Published January 24, 2007
Up to 20,000 Canadians may have unknowingly lost their citizenship by failing to celebrate their 24th birthdays in Canada, the Canadian Broadcasting Corp. reported Wednesday.
An obscure provision in that nation's Citizenship Act — on the books from 1947 to 1977 — automatically stripped citizenship from Canadians who celebrated their 24th birthday outside the country within those dates without signing the proper form, CBC News said.
Now as Canadians rush to get passports to comply with regulations requiring them for entry into the United States, some are finding they are no longer Canadians in good standing.
Septuagenarian Barbara Porteous discovered last year while applying for a passport that she had lost her citizenship, CBC News reported.

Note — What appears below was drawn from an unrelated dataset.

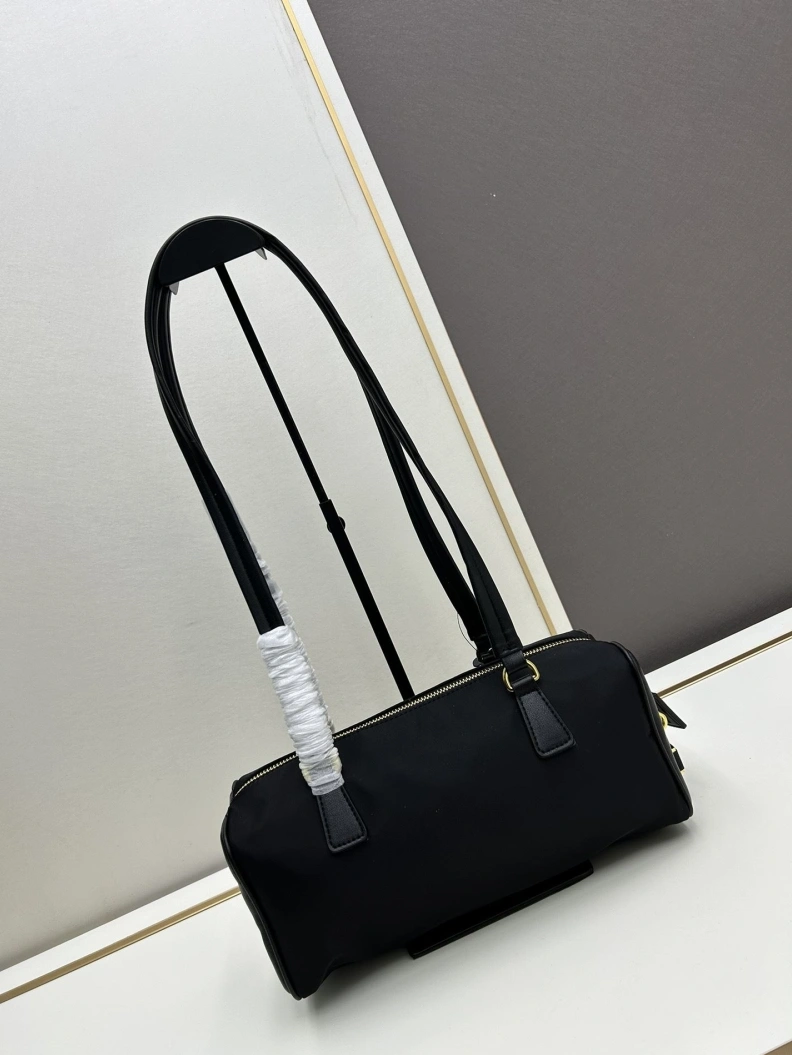 Elegant Prxdx Top Handle Bags 58474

"These documents confirm you were a Canadian citizen, but you ceased being a Canadian citizen on June 14, 1960, the day following your 24th birthday," a letter from Citizenship and Immigration read.
"I cried for a couple of hours," Porteous told CBC News. "I mean, the hollowness you get inside when you find out that everything you live for is gone."
Porteous is part of a group called the Lost Canadians, a group that may be as large as 20,000 — many of whom have no idea that they've lost their citizenship.
The Canadian government has moved to fast track the reinstatement of citizenship for the Lost Canadians.
"We're trying to right the wrongs of the past and do the reasonable thing, the right thing, for what are essentially Canadians in all but name," Citizenship and Immigration Minister Diane Finley told CBC News.